We measure the execution time (seconds) of A[0][0] <- 1 ... 10000, i.e. 10K updates of the whole graph, on 8 CPUs.

Results

    Sequential Toposort
    1.65093
    
    Parallel Toposort
    4.6614 
    
    Subtree
    2.7457 (= CPU time)
    
    Pulsecount
    2.3803 (CPU time: ~ 8x on 8 CPUs)

In cases where the workload per node is minimal - i.e. a single addition - the parallelization overhead will outweight its benefits. This is not necessarily surprising, because both the updating itself and sequential Toposort are fairly lightweight; it’s hard to beat them with the kind of high-level parallelization this library provides.

Among the parallel algorithms, Pulsecount is the fastest, but only by fully utilizing all available parallel ressources. Subtree supports on-demand parallelism for heavyweight nodes, so in this scenario, it reverts to purely single-threaded updating. It does so less efficiently than the purely single-threaded algorithm, but in terms of combined CPU time, it is still much more efficient than Pulsecount.

Example 2

A synthetic 20x10 graph with a parallelizable base structure and random additional edges. 20% of the nodes are heavyweight (~1ms busy waiting per update), others are trivial arithmetic operations.

We measure the execution time (seconds) of 100 updates of the whole graph on 8 CPUs.

Results

    Sequential Toposort
    3.9997
    
    Parallel Toposort
    1.049
    
    Subtree
    0.7666
    
    Pulsecount
    0.6458

The execution time is dominated by heavyweight updates and the parallel strategies provide a performance gain.

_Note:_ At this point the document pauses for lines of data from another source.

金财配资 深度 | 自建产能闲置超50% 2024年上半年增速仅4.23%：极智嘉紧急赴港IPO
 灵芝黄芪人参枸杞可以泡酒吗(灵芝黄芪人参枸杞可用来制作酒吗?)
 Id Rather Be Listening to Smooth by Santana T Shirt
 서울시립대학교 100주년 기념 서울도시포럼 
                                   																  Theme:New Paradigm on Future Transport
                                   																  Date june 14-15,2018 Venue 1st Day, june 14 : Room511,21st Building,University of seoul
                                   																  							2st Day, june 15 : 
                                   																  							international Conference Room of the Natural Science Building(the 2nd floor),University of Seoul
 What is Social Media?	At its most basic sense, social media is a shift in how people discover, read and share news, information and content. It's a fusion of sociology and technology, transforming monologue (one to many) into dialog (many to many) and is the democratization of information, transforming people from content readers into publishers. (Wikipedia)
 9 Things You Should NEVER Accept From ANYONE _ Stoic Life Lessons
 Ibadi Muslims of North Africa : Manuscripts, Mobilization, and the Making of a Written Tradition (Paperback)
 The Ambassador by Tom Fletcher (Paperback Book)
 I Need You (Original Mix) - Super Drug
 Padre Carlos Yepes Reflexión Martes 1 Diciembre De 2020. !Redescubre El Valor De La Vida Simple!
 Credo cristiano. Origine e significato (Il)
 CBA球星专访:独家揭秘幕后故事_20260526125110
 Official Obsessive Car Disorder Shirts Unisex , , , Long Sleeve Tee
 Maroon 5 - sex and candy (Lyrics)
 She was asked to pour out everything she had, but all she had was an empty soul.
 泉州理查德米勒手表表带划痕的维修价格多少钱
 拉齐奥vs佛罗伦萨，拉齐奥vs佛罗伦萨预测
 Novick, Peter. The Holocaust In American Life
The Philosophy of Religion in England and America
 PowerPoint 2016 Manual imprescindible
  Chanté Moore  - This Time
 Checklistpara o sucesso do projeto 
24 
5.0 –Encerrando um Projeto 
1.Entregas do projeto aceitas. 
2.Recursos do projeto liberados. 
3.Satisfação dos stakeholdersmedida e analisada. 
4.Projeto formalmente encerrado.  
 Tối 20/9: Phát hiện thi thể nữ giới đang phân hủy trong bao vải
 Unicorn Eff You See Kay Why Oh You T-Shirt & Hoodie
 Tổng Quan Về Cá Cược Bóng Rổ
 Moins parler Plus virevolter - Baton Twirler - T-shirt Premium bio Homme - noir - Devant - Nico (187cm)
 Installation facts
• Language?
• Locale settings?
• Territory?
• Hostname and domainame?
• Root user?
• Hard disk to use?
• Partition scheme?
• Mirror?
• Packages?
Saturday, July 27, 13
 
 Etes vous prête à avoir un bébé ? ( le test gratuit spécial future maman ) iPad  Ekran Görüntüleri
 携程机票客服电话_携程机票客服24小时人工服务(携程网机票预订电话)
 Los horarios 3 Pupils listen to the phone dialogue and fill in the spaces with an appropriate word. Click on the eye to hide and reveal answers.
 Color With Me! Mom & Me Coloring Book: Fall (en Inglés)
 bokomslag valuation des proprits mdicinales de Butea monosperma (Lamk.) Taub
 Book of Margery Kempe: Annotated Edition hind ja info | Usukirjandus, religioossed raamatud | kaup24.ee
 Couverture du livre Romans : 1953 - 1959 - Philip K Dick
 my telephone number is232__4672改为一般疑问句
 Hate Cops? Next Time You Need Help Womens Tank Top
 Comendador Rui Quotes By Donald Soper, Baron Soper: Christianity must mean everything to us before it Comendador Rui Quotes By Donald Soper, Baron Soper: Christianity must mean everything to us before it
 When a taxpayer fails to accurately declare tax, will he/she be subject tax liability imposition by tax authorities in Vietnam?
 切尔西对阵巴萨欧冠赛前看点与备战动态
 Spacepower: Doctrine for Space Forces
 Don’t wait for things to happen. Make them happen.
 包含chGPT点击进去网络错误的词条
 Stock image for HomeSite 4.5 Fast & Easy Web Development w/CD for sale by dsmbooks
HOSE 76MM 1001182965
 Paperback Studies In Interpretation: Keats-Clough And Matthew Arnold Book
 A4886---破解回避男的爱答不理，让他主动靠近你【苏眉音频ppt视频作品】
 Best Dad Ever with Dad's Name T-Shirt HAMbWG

The agglomeration patterns for the graph, extended to 40x10 nodes, can be seen here (color indicates the updating thread):

Parallel Toposort:

Drawing

The algorithm divides the graph in horizontal layers and parallelizes each layer with a parallel_for.

Pulsecount:

Drawing

The graph is divided into chunks; lightweight nodes form larger chunks.

Subtree:

Drawing

In a first pass, lightweight nodes are updated sequentially and subtrees with heavyweight nodes are marked and ignored. Then, the heavyweight subtrees are updated in parallel.

Conclusion

For strictly lightweight operations, sequential Toposort is usually the best choice.

Pulsecount uses the most effective parallelization scheme, but it requires a certain number of heavyweight nodes for it to pay off.

Subtree first tries to apply sequential Toposort for all lightweight nodes, then uses the Pulsecount algorithm for the rest. There are cases where each purebreed strategy beats the hybrid one, but the latter generally provides a good balance for most scenarios.